Versus the competiton:
Few vehicles I have ever driven have resulted in so many people coming up to me, faces looking like they had just swallowed thumbtacks, belching out original phrases like, “that is sooo ugly.”
Of course, Honda would tell you that the Honda Element isn’t aimed at older buyers who like attractive cars.
Nope. The Element is aimed at members of Generation Y. (That’s market-speak for those born between 1977 and 1994.)
Specifically, the Element is aimed at Gen Y active buyers, who Honda believes spend much of their time surfing, snowboarding, mountain biking, hiking, kayaking and playing hockey.
Since Gen Ys surf, snowboard, mountain bike, hike, kayak and play hockey, they don’t work much. This means having a place to crash is a constant thought.

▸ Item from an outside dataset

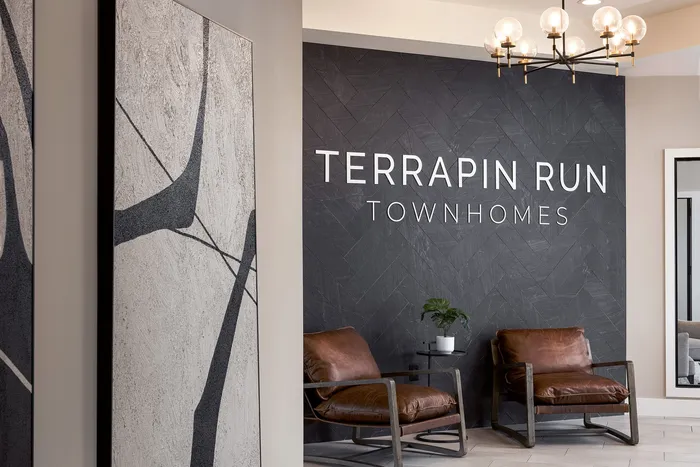 Modern clubhouse kitchen amenity at Terrapin Run apartments.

That’s why Honda designed “a vehicle to haul all their stuff and serve as their mobile dorm room or base camp,” according Tom Elliot, executive vice president of American Honda North America.
So the Element’s seats fold into a somewhat flat, lumpy bed. Thoughtfully, Honda also provided a sunroof over the rear cargo area, so that as you lie on your lumpy bed in your mobile base camp, you can gaze at the stars. And you can keep the elements from raining into your Element. The interior is long enough to allow a six-footer to sleep with the hatch closed.

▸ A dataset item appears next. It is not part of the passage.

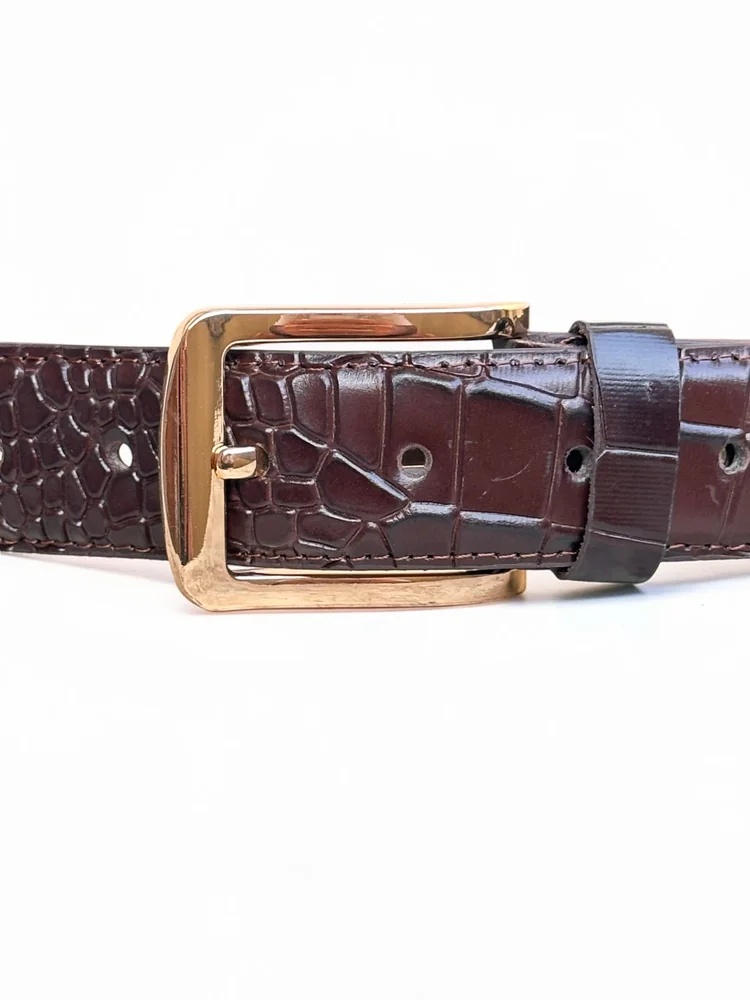 Men's Crocodile Embossed Leather Belt – Gold Buckle (Image 12)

The four seats fold individually, so half the interior can hold your muddy bike, wet kayak or muddy boots while the other half of your mobile base camp serves as a Motel 6 on wheels. The rear seats can fold away to create a large, open interior for hauling a weekend’s worth of gear.

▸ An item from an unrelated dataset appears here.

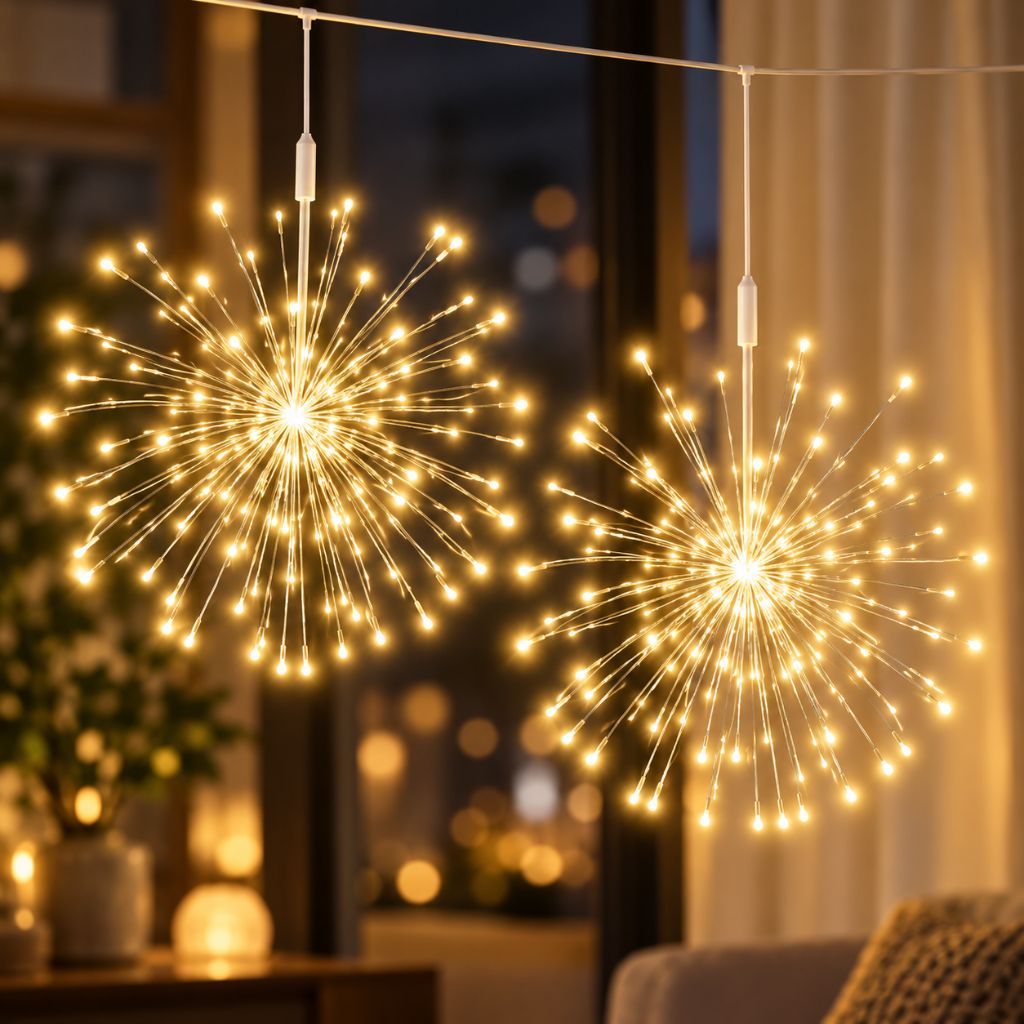 USB Starburst Christmas Fairy Lights — Hanging Window Lights, 8 Modes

You don’t even have to worry about getting the carpet dirty, because there is no carpet. Instead, the floor of the Element is covered in what Honda calls a “thermoplastic olefin topcoat.” This rubbery, grippy surface is scratch resistant and perfect for hosing down.
You won’t have to worry about getting the seats wet, because they’re covered in a waterproof fabric.
Of course, when it comes time for that epic road trip, the Element will do all that you want it to with appliance-like reliability.
Of course, that would be a natural since the Element uses the same mechanicals as the Civic and CRV crossover sport-utility vehicle. But both of those vehicles are heavily favored by women, not men.
So, Honda designed the vehicle to appeal to 22-year-old buyers who like to live in their cars. Obviously, Honda got the sleeping part nailed down.
But when it’s time to have friends over to your mobile base camp for dinner, getting to the drive-thru is obviously important.
The 2.4-liter dual-overhead-cam four-cylinder, which is used in the base Honda Accord and the Honda CRV, is a model of power and efficiency.
There’s 160 horsepower on tap, adequate to move this vehicle. But, loaded with life-style gear, it could end up being slow.
This m obile dorm room is also noisy when the engine revs and road surface turns rough.
While there’s only one engine offered, there’s a choice of transmissions. A five-speed-manual is available on 4WD models. A four-speed automatic transmission is available with either front or four-wheel-drive.
The test vehicle, a four-wheel-drive EX, returned 18 mpg in mixed use.
Handling is ordinary, with plenty of body lean in corners and some occasional lost traction, more a function of the tires than the four-wheel-drive system.
Seat comfort is good up front, but the seating position is similar to that of a Winnebago – the driver sits far back from the upright windshield.
The front seats are firm, yet provide adequate comfort. Rear seats are mounted too low for any kind of real comfort. But since they’ll be folded most of the time, that may not matter.
There are plenty of hooks, storage bins and other handy features to make the Element an easy place to spend time.
The dash is as expressive in its design as the rest of the vehicle. Honda has done an expert job of making inexpensive materials look funky and modern. There’s even an audio input for your MP3 player to hook into the AM/FM/CD audio system.
The disappointing thing about the Element is its build. The doors have a tinny sound, and several plastic trim bits came off and had to be reattached. The interior had a couple of rattles, which does not inspire confidence, the solution is to turn up the volume on the stereo.
But, as any home buyer or mobile base camp buyer will tell you, new construction always comes with problems.
The Honda Element rolling dorm room starts at just over $16,000 for a front-wheel-drive DX model. The test vehicle, a 4WD EX model came in at just over $21,000.
Those numbers make it affordable, and few vehicles boast so much interior flexibility.
Still, Gen Ys, like anyone, resent being marketed to in such an obvious, stereotypical way.
While many Ys may boast active life-styles, I suppose many young drivers would rather drive a VW Jetta for the same money even if the Jetta isn’t the easiest way to transport a muddy mountain bike.